演出は世田谷パブリックシアター芸術監督の白井晃。連続テレビ小説『らんまん』で『芸術選奨新人賞』を受賞した劇作家・長田育恵が『シッダールタ』の世界観をベースに、作家自身の思索も補助線として、現代を映す舞台へと昇華する。音楽は三宅純が担当。
主演は草彅剛。仏陀(釈迦と言われる仏教の始祖ブッダ)と同じ名を持つ青年シッダールタと、「現代を生きるヘッセ」に重なるひとりの男を演じる。
シッダールタの生涯の友となるゴーヴィンダ役に杉野遥亮、シッダールタと深い関係で結ばれるカマラー役に瀧内公美、男の友人デーミアン役に鈴木仁、シッダールタの息子役に中沢元紀、シッダールタの父役に松澤一之、シッダールタに商売を教える商人のカーマスワーミ役に有川マコト、古代インドの大河の渡し守ヴァズデーヴァ役にノゾエ征爾(はえぎわ)がキャスティング。このほか池岡亮介、山本直寛、斉藤悠、ワタナベケイスケ、中山義紘らが共演する。
チケットの一般販売は9月21日10:00から。

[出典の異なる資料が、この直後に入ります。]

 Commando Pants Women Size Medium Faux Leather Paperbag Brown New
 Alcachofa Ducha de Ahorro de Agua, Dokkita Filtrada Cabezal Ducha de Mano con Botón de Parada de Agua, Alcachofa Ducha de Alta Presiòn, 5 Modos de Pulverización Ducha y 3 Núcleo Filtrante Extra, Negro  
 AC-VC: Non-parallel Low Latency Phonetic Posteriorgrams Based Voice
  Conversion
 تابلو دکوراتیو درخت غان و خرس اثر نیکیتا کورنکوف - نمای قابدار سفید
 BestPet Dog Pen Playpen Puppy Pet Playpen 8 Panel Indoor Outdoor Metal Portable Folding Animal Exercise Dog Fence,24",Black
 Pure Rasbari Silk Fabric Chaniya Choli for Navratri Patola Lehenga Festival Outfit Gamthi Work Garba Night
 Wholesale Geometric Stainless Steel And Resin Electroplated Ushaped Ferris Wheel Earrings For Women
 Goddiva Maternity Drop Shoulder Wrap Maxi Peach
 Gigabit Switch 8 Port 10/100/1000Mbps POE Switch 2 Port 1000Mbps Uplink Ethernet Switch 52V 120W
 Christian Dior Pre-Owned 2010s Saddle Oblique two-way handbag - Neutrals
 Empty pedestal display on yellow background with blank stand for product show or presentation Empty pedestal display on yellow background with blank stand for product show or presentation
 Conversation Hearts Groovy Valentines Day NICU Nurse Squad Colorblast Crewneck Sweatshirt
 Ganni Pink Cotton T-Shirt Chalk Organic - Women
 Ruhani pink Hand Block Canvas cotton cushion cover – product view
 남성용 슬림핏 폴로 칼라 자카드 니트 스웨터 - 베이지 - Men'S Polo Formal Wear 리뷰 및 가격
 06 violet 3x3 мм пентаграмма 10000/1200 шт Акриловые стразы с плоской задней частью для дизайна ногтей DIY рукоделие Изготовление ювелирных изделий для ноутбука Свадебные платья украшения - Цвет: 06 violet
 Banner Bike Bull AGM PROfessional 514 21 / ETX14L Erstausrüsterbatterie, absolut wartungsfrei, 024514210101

2026年1月に兵庫県立芸術文化センター 阪急 中ホールで上演予定。
【白井晃のコメント】
思春期に読んだヘルマン・ヘッセの小説は、常に心の中で息づき自分の創作の原点となってきた作品です。今、この作品を具現化できることに大きな喜びを感じるとともに、その重責に大変緊張もしています。世界を取り巻く現状を見ると、改めて何故この小説に心を掴まれてきたのか、今になってわかるような気がします。彼は、第一次世界大戦期に戦争への反対を表明したことで世間から大きな非難を浴び、結果、東洋思想に惹かれていきました。今、紛争にまみれた混沌としたこの世界の中で、どう自分を生かしていけば良いのか。その問いに対する応えが「シッダールタ」の中に潜んでいると思います。国家とは、宗教とは、他者とは?そして、人にとって最大の謎である、自分自身という存在とは。この模索の道を、劇作家の長田さんと共に思考し、道を切り拓こうと思います。そして、今回参加してくれた素晴らしいキャストのみなさんとの創作の時間は、私にとって珠玉のものとなるでしょう。シッダールタを演じていただく草彅剛さんとは、これまでも一緒に難作に取り組んできました。それだけに、この旅の労苦を共にできるものと信じています。演劇の可能性は、同世代を生きる人と共に考えることができることだと思います。この作品が、今を生きる私たちにとって、少しでも希望の光を見つける指針であることを心から願っています。
【草彅剛のコメント】
今作は「人間とは何か」「地球とは何か」「宇宙とは何か」というような、未知なる壮大なテーマを持った作品で、ひとりの人間としてこの壮大なテーマに立ち向かっていくことにドキドキした気持ちです。自分自身の全力で取り組まないと薄っぺらいものになってしまうと思うので、筋肉を鍛えて(笑)頑張りたいです。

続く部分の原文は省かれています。